Ἀργείων: differing mainly in metrical form from “Ἀχαιός” above: see on 1.79.

[229] οὗτος: see on v. 167.

πελώριος: an epith. of Ajax also H 211, P 174, 360.

ἕρκος Ἀχαιῶν: see on 1.284; as “Ζ 5, Η” 211. cf. “οὖρος Ἀχαιῶν Θ” 80, of Nestor; “ἕρμα πόληος Π” 549 prop of the city, of Sarpedon; “ἔρεισμ̓ Ἀκράγαντος” Pindar Ol. ii. 6, of Thero; “Τροίας κίονα” ib. 81 pillar of Troy, of Hecotr; ‘pillar of state’ Milton Par. Lost ii. 302.

[230] Ἰδομενεύς: see on “Α 145, Β” 645. Idomeneus is named by Helen without any question of Priam; at sight of him she cannot suppress the memory of a happy past, and hence the longing for her brothers. A more mechanical reason for the change in the form of question and answer, is that the repetition of Priam's inquiry would become monotonous.

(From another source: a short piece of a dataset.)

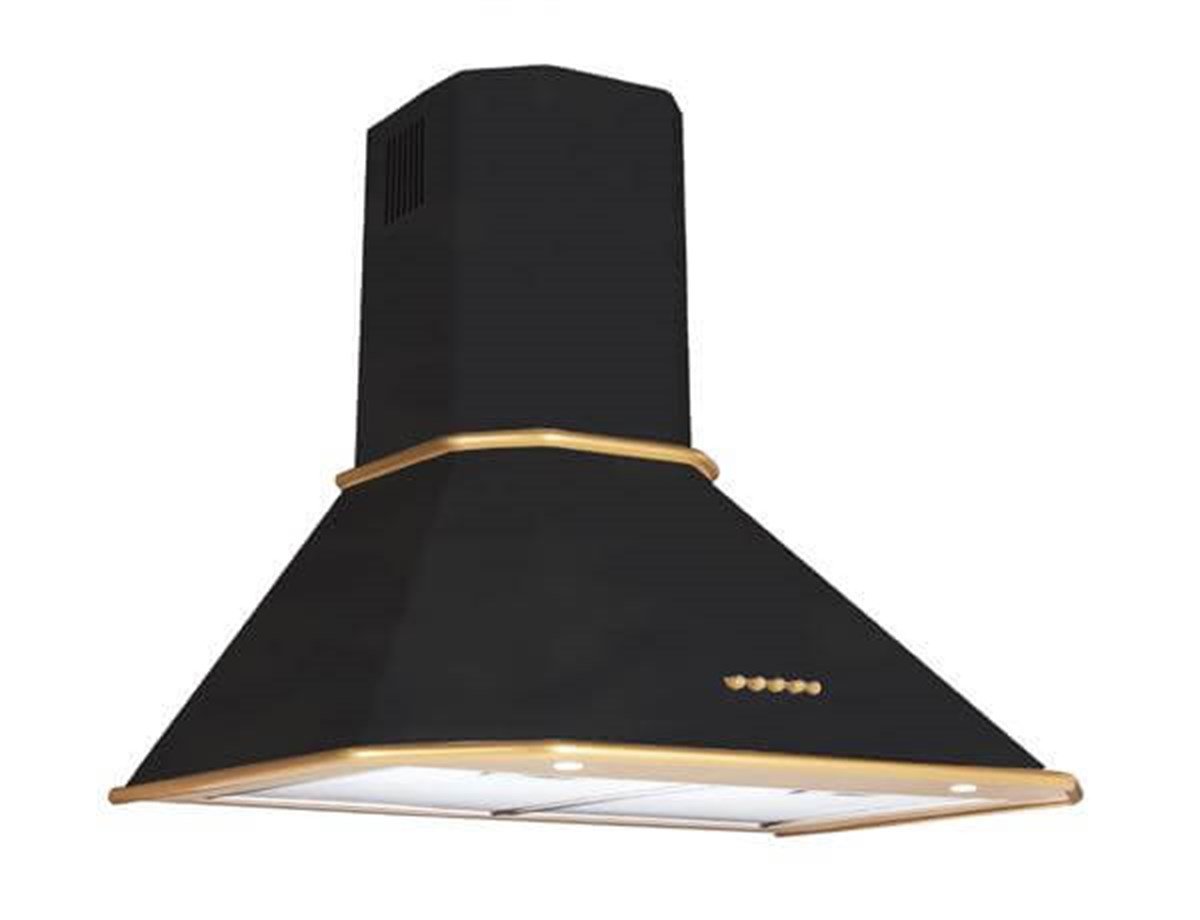 Evii Rustik Siyah 60 Cm Duvar Tipi Davlumbaz 1615RS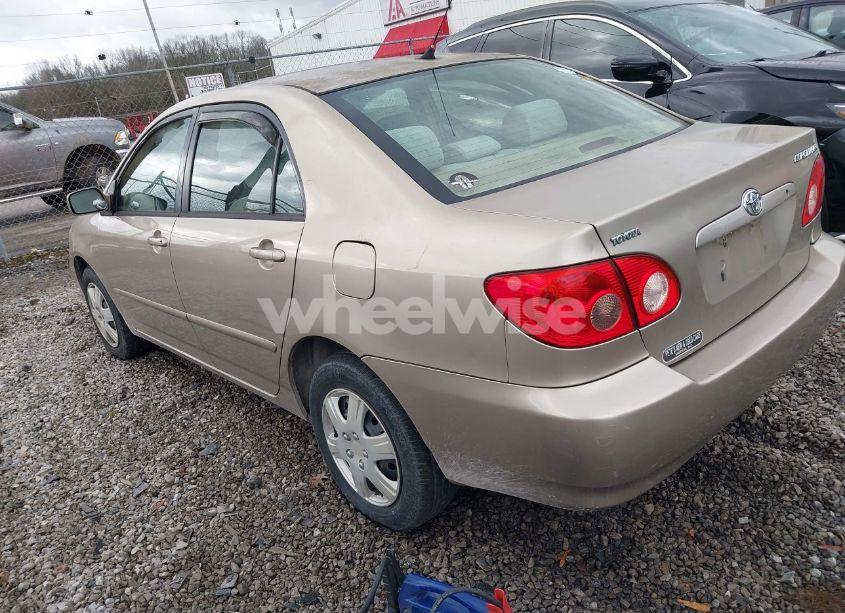 Photo 3 of 2007 Toyota Corolla LE (VIN 1NXBR32EX7Z924758)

θεὸς ὥς: equiv. to “θεοειδής” v. 16, “θεοείκελε Α 131, θεῷ ἐναλίγκιος β” 5.

[231] ἠγερέθονται: cf. B 304. The pres. serves to paint a picture.

[232] πολλάκι: generally appears in Homer without the final “ς”, see § 12 “ο”.

[233] ἵκοιτο: for the opt., cf. v. 216 where the iterative aor. “στάσκεν” in the principal clause corresponds to the aor. with “πολλάκι” in v. 232.

[235] κεν γνοίην: potential opt., sc. if you should ask me.

ἐύ: well, clearly.

καί τε: cf. 1.521.

οὔνομα: sc. the gen. of the pron. from “οὕς”.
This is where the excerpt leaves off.